• _Exercise requirements_
Could you write out exactly, and only, the lines from the one containing "Peluche Alpaga" through the last line of the data, leaving out all pictures?

• _Stored data_
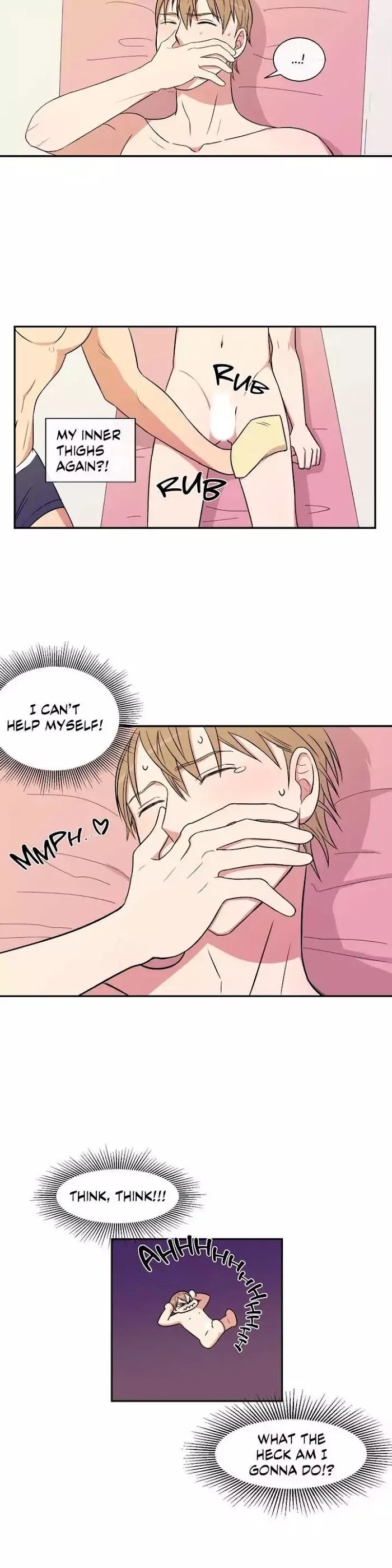 Following Namsoo To The Bathhouse - Chapter 2 Page 15
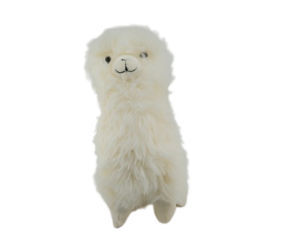 Peluche Alpaga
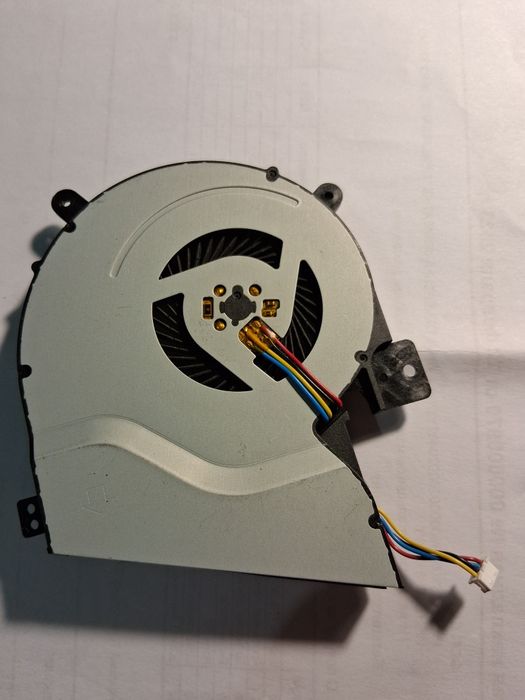 Кулери для ноутбуків ASUS X551 та ASUS X53, A53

• _Exercise result_
 Peluche Alpaga
 Кулери для ноутбуків ASUS X551 та ASUS X53, A53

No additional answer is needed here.